Cumulant l’arrogance idéologique et les ignorances les plus scandaleuses, les forces archaïques et conservatrices au pouvoir ont aggravé des décennies durant les processus de régressions sociale, intellectuelle, culturelle et politique dans le pays.
Aujourd’hui, il s’agit de comprendre et déployer les principes et les conséquences d’une transformation nationale en cours d’accomplissement dans le domaine de la conscience politique, de la cohésion sociale, de la solidarité nationale et du vivre ensemble, et ce, depuis l’avènement du hirak.
Cette transformation, les problèmes qu’elle pose, les instruments qu’elle utilise, les concepts qui s’y définissent, les résultats qu’elle obtient porte un nom : la dynamique politique et sociale.

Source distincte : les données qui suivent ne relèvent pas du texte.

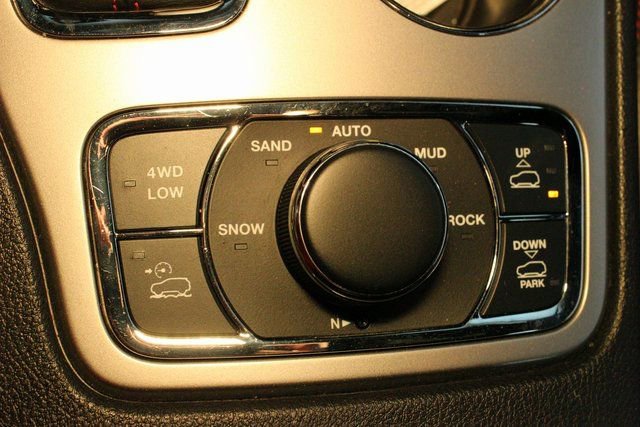 Used 2019 Jeep Grand Cherokee Trailhawk w/ Trailhawk Luxury Group image 31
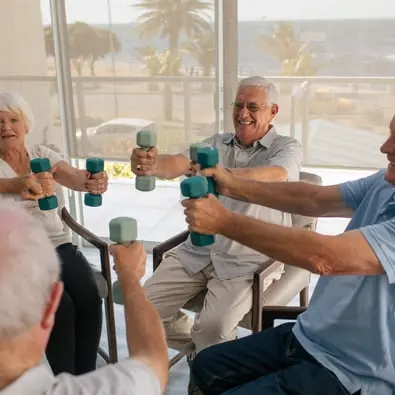 Praticar atividade física com amigos estimula o exercício, diz especialista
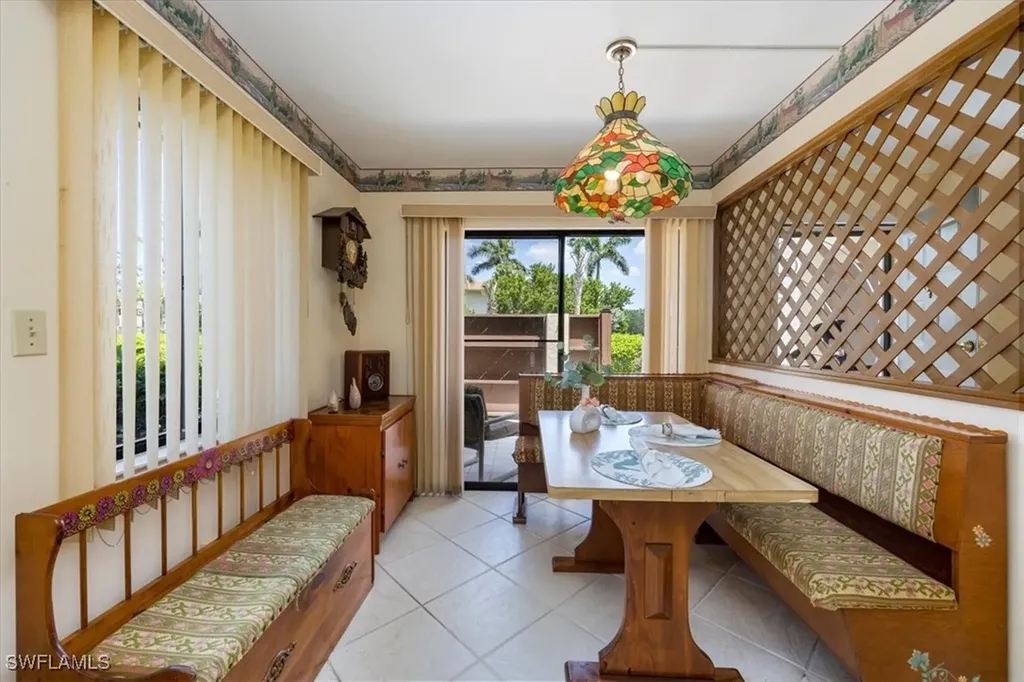 536 Lake Louise Circle Naples FL 34110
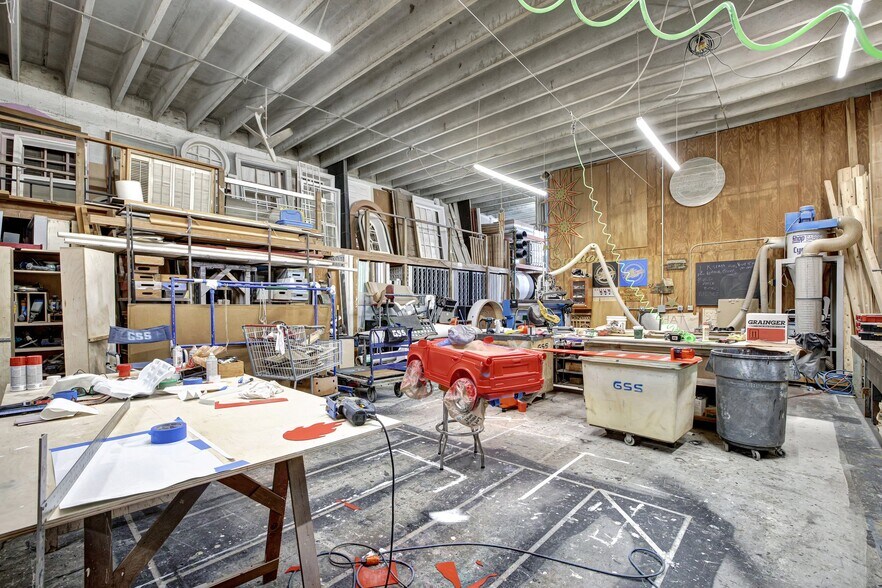 More Photos Of 15221 NE 21st Ave, Miami Warehouse For Sale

L’alternative politique n’a de sens que si elle s’inscrit dans la logique d’un projet alternatif de société susceptible de mobiliser activement les fractions de société ; une des tâches fondamentales du mouvement progressiste algérien et des forces patriotiques nationales.
L’Algérie doit impérativement se réapproprier son histoire, y compris dans sa vérité la plus amère, indispensable à l’édification de nouvelles générations, pour bâtir une nouvelle algérie, enfin débarrassée de ses fossoyeurs qui l’ont jusqu’ici plongée dans la tourmente et le désarroi, brisant net l’élan du 1er novembre.